Thought the final deal price could conceivably increase, it is not likely: PNC expects to charge off 12.5%, or $2.2 billion, of RBC Bank's loans. Why is RBC fetching less a premium than those other companies, which went for about one times book value?

"This is a company that hasn't made money in several years. The seller is somewhat motivated to exit," said Marty Mosby, analyst with Guggenheim Securities LLC. "There is a lot of work to be done." RBC Bank has no income stream to speak of, he said. PNC is essentially buying a blank slate: Its returns depend on using RBC Bank's 424-branch network in six Southeast states from North Carolina to Florida as a platform for offering loan syndication, capital markets, treasury and other services in which RBC was weak.

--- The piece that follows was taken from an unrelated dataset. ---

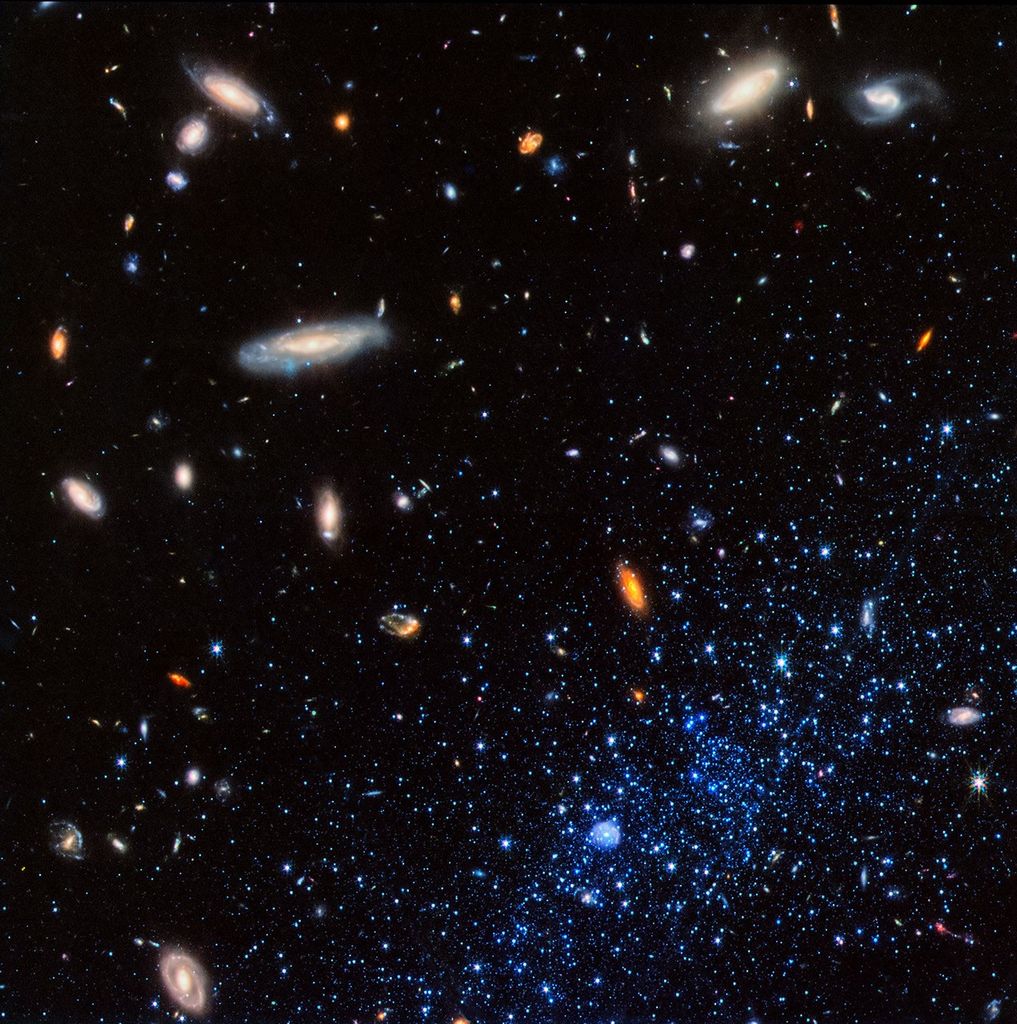 A concentration of bright blue stars occupies the bottom right corner of the image. At bottom center within them is a small blue bubble. The stars and bubble are part of a diffuse dwarf galaxy that extends beyond the image border. Background galaxies are scattered across the image, with some particularly prominent spirals located at upper left and upper right. The background of space is black.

"We can take a franchise that has wonderful distribution in a high-growth market and plug in our products," Rohr said. "It's plug and play."

Rohr said the low price also reflects the stress low interest rates are putting on depository values. "The deposit business today is not a great business, because at these [low] interest rates you can't reinvest the deposits at a higher rate," he said.

That makes it an ideal time to buy banking assets like RBC in high-growth markets, he said, because banks will get more expensive as interest rates rise.

PNC officials did not say how much the deal value could change.

Richard Johnson, PNC's chief financial officer, said in a conference call with analysts Monday that PNC expects the purchase price to decline, if it moves at all. "RBC will continue to take provisioning against the book," he said. "To the extent that happens, they'll be reducing the tangible book on delivery at the end of the trade; we'll be reducing our marks as well." He added: "We'll pay less of a price for the acquisition. … The only thing that could go against us is if they make more money."

Rohr said PNC is confident it will be able to meet any pending capital rules because its capital levels are already high and because of the flexibility worked into the transaction. PNC will issue up to $1 billion of common stock, or no more than 3% of outstanding shares, to RBC Bank under a worst-case scenario, he said. Otherwise it will fund the purchase with cash, a debt issuance and issuance of preferred shares. Issuing preferred shares enables it to diversify its capital structure, he said. Should it have to issue common shares, doing so directly to RBC Bank means it will avoid the underwriting fees and uncertainty of an equity markets issuance.

"The real question for us is we can finance it a number of different ways," Rohr said.

"There are a lot of different capital requirements that are being bandied about. Whether we have to issue any common or not has yet to be determined."